On top of this are legal issues. Who owns the ice? and also how can towing ice berg across busy shipping lines be safe, particularly in the event of a break-up in mid-ocean.

To respond to your specific question on towing northward and anchoring: The towing in any direction is subject to the same issues as described above. Anchoring, the ice bergs will melt and degrade over time so that moorings will continually have to be renewed. Most ice bergs in the north will go through at least one cycle of being caught in seasonal sea ice but eventually will be set free to follow ocean currents in whatever direction they move locally. Since the ocean water will carry some heat, it will not matter where the ice berg is located, it will slowly melt. On top of that is the issue of disintegration since melting will change the shape of the berg and hence its stability and centre of gravity causing stresses within the block to alter.
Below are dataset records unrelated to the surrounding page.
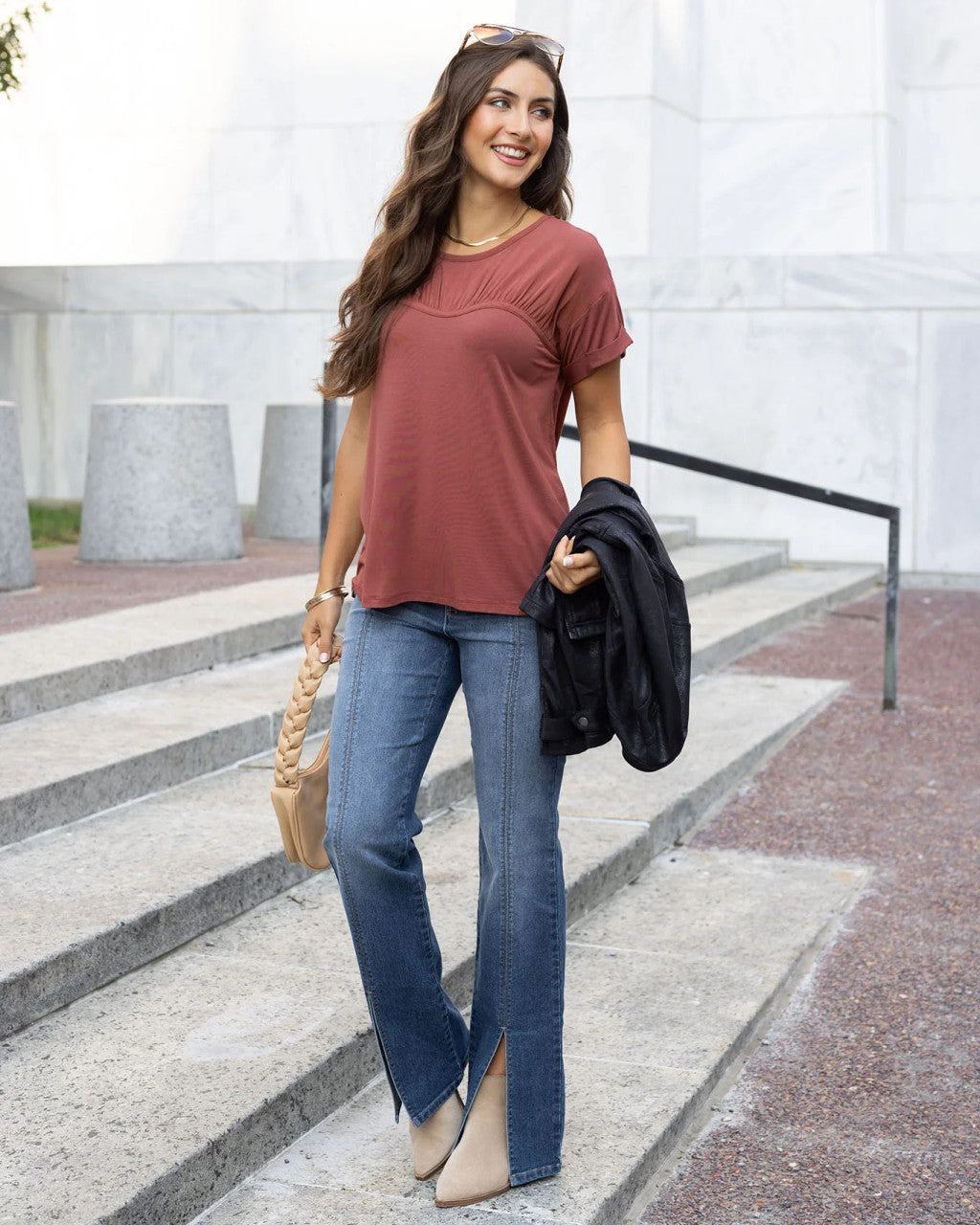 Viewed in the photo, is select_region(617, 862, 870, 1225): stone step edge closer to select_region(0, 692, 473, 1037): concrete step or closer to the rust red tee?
select_region(0, 692, 473, 1037): concrete step

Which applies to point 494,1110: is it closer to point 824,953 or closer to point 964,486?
point 824,953

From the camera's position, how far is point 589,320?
2.70 metres

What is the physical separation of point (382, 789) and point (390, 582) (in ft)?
1.12

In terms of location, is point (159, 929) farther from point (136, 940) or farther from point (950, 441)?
point (950, 441)

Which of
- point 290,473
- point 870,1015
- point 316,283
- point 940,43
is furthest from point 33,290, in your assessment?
point 870,1015

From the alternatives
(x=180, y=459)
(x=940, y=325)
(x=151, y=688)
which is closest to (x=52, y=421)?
(x=180, y=459)

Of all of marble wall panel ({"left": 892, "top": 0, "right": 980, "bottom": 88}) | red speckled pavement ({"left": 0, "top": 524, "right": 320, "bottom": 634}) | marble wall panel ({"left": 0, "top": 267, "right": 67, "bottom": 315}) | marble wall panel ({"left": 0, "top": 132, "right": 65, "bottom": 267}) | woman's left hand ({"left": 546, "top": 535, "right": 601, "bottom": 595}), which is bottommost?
red speckled pavement ({"left": 0, "top": 524, "right": 320, "bottom": 634})

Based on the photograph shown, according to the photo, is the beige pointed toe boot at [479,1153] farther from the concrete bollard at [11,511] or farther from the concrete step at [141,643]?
the concrete bollard at [11,511]

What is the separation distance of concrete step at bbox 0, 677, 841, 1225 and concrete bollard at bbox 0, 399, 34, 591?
3696 millimetres

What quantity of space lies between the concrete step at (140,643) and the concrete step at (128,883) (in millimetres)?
688

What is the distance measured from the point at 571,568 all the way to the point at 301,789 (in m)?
0.62

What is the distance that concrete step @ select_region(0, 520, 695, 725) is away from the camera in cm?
527

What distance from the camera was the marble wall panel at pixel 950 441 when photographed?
11.5m

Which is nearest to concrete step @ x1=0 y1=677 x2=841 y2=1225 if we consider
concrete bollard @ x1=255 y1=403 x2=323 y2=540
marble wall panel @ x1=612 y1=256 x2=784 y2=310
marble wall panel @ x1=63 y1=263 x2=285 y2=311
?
concrete bollard @ x1=255 y1=403 x2=323 y2=540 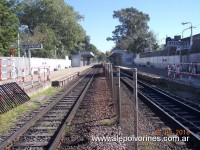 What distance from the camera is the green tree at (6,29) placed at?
1549 inches

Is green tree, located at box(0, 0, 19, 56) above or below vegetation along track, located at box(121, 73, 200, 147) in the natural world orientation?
above

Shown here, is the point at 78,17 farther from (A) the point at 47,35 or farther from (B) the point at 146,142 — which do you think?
(B) the point at 146,142

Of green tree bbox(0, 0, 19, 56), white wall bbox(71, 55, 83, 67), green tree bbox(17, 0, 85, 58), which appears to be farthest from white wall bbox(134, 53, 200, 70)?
white wall bbox(71, 55, 83, 67)

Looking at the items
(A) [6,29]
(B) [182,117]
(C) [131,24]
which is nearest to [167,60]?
(A) [6,29]

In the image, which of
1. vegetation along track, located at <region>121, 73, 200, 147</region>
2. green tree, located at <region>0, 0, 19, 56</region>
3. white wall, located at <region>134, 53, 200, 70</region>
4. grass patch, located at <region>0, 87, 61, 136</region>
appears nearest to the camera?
vegetation along track, located at <region>121, 73, 200, 147</region>

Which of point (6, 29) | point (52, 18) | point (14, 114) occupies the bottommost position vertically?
point (14, 114)

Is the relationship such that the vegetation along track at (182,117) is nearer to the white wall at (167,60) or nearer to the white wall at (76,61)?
the white wall at (167,60)

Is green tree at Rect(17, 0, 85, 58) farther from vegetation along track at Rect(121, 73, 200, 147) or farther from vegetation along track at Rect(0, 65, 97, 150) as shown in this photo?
vegetation along track at Rect(0, 65, 97, 150)

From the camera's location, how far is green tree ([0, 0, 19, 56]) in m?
39.3

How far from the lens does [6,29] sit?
4003 cm

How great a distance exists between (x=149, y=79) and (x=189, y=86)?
979 centimetres

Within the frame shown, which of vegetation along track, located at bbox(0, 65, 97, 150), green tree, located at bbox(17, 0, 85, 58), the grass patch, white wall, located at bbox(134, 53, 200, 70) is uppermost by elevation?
green tree, located at bbox(17, 0, 85, 58)

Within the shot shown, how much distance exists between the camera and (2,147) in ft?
26.2

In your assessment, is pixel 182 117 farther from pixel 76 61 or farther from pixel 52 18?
pixel 76 61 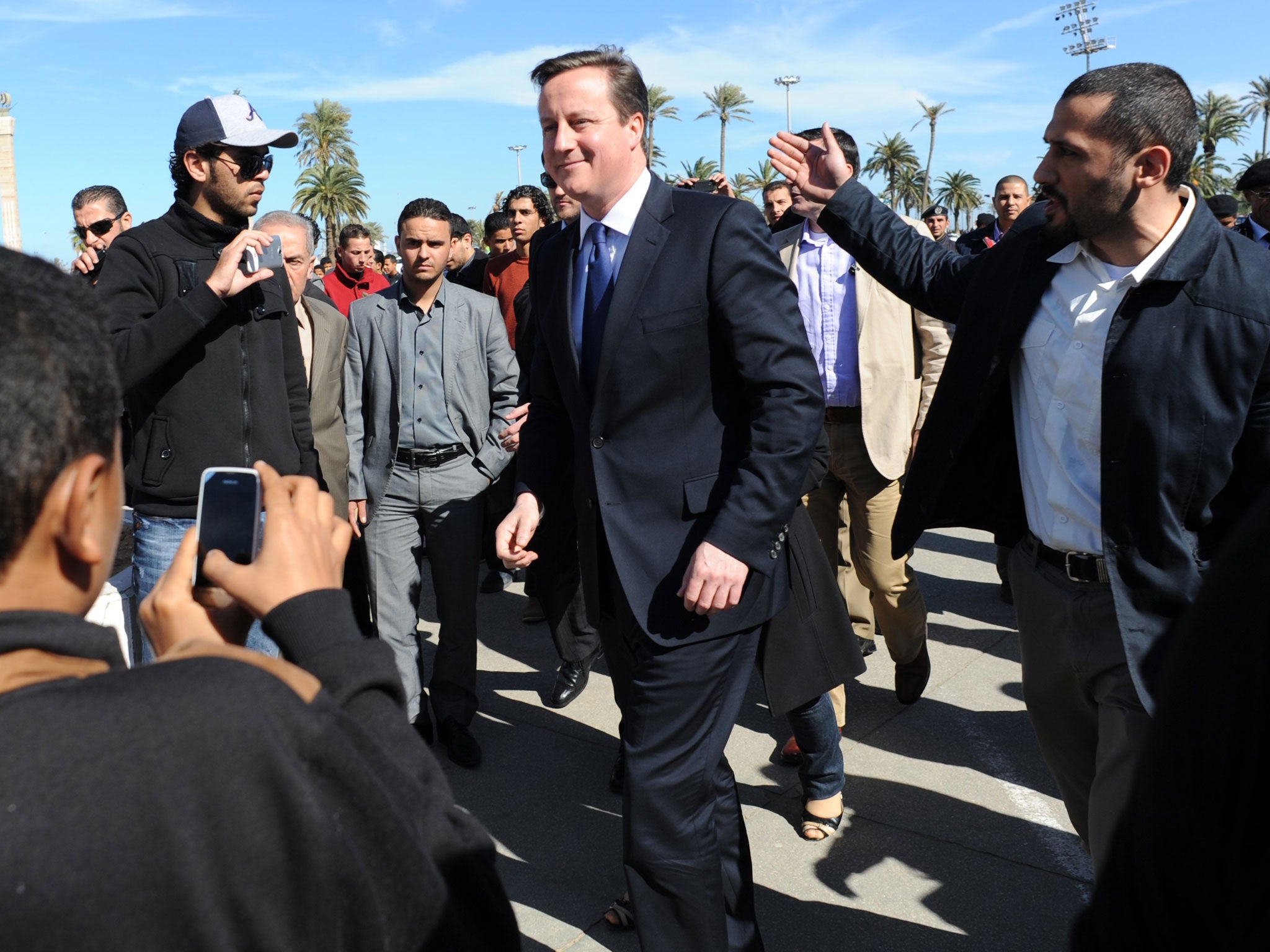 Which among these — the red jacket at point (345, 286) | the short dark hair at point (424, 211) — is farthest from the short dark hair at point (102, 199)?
the short dark hair at point (424, 211)

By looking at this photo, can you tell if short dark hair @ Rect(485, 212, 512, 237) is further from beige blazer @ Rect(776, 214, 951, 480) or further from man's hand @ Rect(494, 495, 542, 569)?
man's hand @ Rect(494, 495, 542, 569)

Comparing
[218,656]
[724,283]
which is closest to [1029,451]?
[724,283]

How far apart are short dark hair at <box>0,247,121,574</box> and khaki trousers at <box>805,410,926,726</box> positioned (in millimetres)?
3696

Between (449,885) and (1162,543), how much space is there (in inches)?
72.6

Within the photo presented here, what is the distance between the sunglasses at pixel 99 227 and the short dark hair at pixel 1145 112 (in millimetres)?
6030

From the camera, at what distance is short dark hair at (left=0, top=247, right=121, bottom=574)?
3.08ft

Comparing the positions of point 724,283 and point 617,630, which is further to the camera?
point 617,630

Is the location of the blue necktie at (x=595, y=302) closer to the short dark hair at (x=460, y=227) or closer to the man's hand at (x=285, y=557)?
the man's hand at (x=285, y=557)

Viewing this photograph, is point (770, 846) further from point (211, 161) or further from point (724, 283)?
point (211, 161)

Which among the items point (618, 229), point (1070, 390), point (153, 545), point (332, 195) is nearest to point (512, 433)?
point (153, 545)

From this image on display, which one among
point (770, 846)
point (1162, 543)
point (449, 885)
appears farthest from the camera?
point (770, 846)

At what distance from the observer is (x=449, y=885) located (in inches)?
45.9

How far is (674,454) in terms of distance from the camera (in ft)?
8.89

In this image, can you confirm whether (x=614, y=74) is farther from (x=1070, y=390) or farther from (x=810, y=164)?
(x=1070, y=390)
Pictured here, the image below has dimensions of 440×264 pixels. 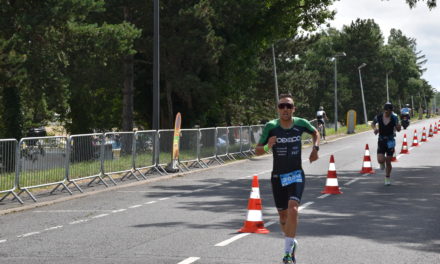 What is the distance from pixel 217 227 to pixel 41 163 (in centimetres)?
606

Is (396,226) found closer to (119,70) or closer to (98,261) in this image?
(98,261)

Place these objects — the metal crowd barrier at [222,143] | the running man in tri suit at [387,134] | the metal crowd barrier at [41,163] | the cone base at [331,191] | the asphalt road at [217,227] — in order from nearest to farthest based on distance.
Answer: the asphalt road at [217,227], the metal crowd barrier at [41,163], the cone base at [331,191], the running man in tri suit at [387,134], the metal crowd barrier at [222,143]

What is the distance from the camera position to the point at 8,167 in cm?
1452

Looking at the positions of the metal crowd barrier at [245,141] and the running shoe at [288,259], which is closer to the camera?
the running shoe at [288,259]

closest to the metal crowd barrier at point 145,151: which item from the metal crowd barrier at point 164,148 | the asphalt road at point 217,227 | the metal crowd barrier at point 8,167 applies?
the metal crowd barrier at point 164,148

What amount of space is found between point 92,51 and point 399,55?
368ft

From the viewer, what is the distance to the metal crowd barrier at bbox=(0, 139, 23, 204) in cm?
1427

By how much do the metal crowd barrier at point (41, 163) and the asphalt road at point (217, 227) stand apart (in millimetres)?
837

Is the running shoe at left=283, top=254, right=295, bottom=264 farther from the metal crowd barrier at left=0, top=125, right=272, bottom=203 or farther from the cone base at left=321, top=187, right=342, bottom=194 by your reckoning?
the cone base at left=321, top=187, right=342, bottom=194

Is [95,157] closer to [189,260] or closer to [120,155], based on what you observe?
[120,155]

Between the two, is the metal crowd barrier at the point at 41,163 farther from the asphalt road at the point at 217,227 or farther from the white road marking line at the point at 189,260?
the white road marking line at the point at 189,260

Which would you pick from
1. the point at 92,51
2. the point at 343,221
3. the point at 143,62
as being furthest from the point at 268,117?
the point at 343,221

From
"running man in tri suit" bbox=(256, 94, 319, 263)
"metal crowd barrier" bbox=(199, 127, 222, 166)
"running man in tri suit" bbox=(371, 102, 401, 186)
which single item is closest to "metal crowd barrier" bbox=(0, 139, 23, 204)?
"running man in tri suit" bbox=(256, 94, 319, 263)

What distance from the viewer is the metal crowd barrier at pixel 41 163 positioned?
1484cm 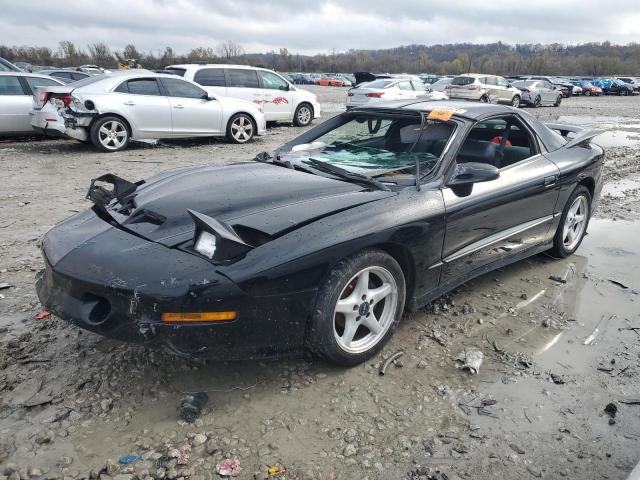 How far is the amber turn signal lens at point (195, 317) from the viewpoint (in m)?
2.23

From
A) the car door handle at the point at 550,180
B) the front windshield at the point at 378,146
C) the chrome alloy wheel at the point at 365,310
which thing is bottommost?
the chrome alloy wheel at the point at 365,310

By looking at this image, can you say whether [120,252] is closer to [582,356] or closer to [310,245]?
[310,245]

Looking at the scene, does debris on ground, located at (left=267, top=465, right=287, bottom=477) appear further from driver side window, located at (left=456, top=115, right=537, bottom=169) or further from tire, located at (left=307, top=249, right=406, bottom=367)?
driver side window, located at (left=456, top=115, right=537, bottom=169)

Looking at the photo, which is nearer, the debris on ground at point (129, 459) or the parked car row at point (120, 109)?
the debris on ground at point (129, 459)

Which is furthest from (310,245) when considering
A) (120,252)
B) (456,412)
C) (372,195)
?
(456,412)

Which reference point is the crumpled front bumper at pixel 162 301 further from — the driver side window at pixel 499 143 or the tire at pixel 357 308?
the driver side window at pixel 499 143

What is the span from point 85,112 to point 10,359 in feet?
22.2

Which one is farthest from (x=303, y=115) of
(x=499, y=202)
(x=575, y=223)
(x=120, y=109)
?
(x=499, y=202)

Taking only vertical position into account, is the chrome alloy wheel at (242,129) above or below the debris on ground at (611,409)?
Answer: above

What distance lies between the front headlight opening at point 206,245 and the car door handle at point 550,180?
2.80m

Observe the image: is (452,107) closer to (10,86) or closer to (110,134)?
(110,134)

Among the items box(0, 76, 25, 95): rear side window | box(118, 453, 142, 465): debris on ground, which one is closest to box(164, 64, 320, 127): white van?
box(0, 76, 25, 95): rear side window

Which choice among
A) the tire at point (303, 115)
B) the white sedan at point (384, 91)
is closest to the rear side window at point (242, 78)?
the tire at point (303, 115)

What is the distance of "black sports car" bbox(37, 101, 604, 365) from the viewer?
2.29 m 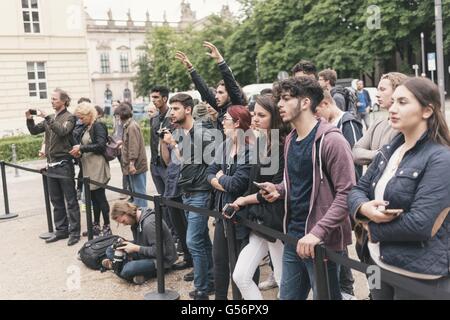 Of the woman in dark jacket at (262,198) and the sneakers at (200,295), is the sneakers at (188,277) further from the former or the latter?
the woman in dark jacket at (262,198)

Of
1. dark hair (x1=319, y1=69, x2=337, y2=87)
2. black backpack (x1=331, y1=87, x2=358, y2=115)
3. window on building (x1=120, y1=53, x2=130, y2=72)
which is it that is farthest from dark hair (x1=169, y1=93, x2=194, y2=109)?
window on building (x1=120, y1=53, x2=130, y2=72)

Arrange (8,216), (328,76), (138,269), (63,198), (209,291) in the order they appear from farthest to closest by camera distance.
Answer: (8,216) → (63,198) → (328,76) → (138,269) → (209,291)

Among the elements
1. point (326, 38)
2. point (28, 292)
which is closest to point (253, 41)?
point (326, 38)

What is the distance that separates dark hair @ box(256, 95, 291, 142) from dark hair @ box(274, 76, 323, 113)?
1.35ft

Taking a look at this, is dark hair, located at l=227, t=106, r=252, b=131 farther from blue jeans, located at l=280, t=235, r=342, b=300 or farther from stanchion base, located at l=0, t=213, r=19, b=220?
stanchion base, located at l=0, t=213, r=19, b=220

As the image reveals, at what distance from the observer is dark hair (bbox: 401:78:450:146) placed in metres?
2.47

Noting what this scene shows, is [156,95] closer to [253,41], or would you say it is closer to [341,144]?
[341,144]

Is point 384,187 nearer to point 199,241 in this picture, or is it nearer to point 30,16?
point 199,241

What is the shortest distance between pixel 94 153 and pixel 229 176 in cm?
333

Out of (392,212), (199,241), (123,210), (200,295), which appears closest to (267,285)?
(200,295)

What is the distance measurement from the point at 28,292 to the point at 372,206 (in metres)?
3.71

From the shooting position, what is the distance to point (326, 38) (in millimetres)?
34688

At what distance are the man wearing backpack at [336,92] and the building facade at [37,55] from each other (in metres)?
26.4

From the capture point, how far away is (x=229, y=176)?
3.70 metres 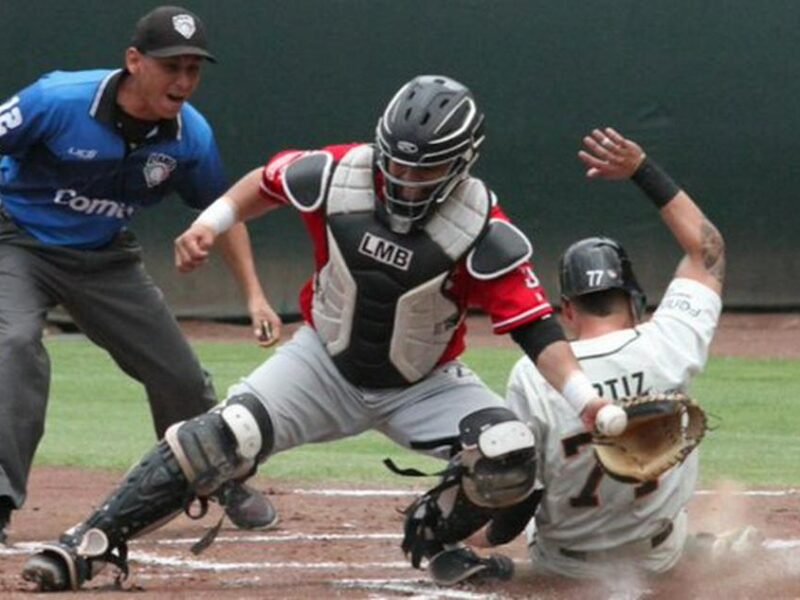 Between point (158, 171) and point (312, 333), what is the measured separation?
148 centimetres

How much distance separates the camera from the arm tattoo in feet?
20.7

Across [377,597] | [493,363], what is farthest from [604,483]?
[493,363]

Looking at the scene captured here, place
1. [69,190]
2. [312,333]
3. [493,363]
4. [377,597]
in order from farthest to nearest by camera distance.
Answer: [493,363] → [69,190] → [312,333] → [377,597]

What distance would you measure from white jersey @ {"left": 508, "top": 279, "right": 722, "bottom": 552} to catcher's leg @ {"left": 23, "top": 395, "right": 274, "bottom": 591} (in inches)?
34.6

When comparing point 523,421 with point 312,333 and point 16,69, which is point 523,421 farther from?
point 16,69

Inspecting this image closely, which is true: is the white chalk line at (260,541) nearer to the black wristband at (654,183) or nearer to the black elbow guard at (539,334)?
the black elbow guard at (539,334)

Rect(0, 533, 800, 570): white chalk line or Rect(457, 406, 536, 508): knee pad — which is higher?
Rect(457, 406, 536, 508): knee pad

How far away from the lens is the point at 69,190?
7.46 metres

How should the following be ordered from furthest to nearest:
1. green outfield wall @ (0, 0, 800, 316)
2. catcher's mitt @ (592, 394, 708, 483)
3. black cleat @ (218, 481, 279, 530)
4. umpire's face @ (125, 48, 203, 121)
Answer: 1. green outfield wall @ (0, 0, 800, 316)
2. black cleat @ (218, 481, 279, 530)
3. umpire's face @ (125, 48, 203, 121)
4. catcher's mitt @ (592, 394, 708, 483)

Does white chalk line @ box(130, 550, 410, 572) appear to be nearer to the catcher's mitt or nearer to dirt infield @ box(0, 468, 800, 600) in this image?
dirt infield @ box(0, 468, 800, 600)

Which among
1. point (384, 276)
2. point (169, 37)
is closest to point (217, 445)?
point (384, 276)

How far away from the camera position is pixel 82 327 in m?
7.84

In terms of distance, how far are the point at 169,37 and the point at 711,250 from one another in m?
2.22

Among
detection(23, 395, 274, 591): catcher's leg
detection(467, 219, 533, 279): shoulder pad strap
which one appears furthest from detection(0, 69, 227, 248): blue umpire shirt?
detection(467, 219, 533, 279): shoulder pad strap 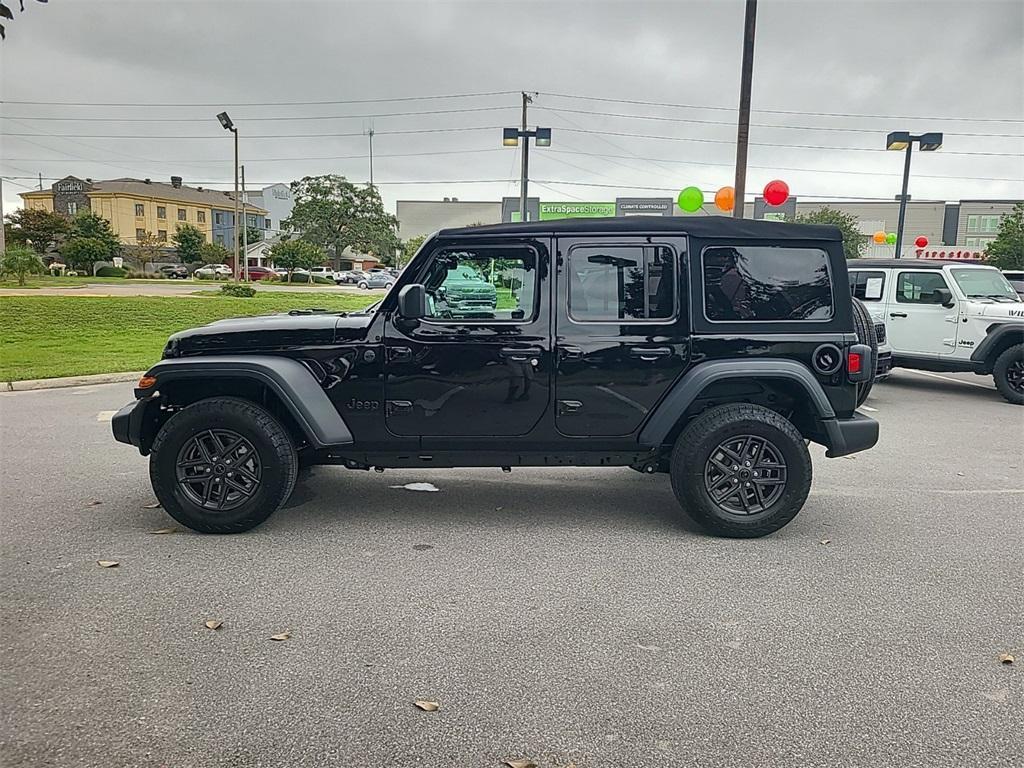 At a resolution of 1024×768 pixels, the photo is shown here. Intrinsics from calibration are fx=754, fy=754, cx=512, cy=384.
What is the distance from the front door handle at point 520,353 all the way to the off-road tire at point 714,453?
1.05 m

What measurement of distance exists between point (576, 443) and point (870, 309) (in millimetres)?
8234

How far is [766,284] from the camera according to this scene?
4.77 metres

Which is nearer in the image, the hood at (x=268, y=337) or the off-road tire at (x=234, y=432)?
the off-road tire at (x=234, y=432)

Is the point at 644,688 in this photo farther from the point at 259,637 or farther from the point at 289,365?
the point at 289,365

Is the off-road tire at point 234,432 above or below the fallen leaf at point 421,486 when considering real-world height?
above

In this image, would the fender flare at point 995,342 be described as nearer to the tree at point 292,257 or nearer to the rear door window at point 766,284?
the rear door window at point 766,284

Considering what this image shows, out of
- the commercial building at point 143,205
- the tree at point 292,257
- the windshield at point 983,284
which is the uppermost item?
the commercial building at point 143,205

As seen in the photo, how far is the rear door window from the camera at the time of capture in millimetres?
4723

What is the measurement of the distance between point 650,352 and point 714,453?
73 cm

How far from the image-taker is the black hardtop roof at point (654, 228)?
4688 millimetres

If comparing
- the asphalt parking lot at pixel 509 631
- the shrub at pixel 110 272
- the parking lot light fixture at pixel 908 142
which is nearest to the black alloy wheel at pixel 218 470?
the asphalt parking lot at pixel 509 631

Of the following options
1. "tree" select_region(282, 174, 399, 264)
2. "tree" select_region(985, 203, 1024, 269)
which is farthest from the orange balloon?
"tree" select_region(282, 174, 399, 264)

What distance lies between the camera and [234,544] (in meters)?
4.52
If one takes a longer-term perspective and ignores the practicalities (incl. costs), moving ice to a place where it melts slower would momentarily decrease the contribution but eventually one would reach a new equilibrium where the same rate of melt water will be contributed and the temporary benefit will be lost. So apart from being highly impractical from all aspects, the longer-term benefits will be nil.

References

Hult, J.L. and Ostrander, N.C., 1973. Antarctic icebergs as a global fresh water resource. Rand Corporation, Santa Monica. Report No. R-1255-NSF. 83 pp.

Husseiny, A.A. (ed.) 1978. Iceberg Utilization. Proceedings of the First International Conference, Ames, Iowa, 1977. Pergamon Press, New York. 759 pp.

IGS (International Glaciological Society), 1980. Proceedings of the Conference on the Use of Icebergs. Annals of Glaciology, 1 136 pp.

Weeks, W.F. and Campbell, W.J., 1973. Icebergs as a fresh-water source: an appraisal. Journal of Glaciology, 12, 65, 207-233.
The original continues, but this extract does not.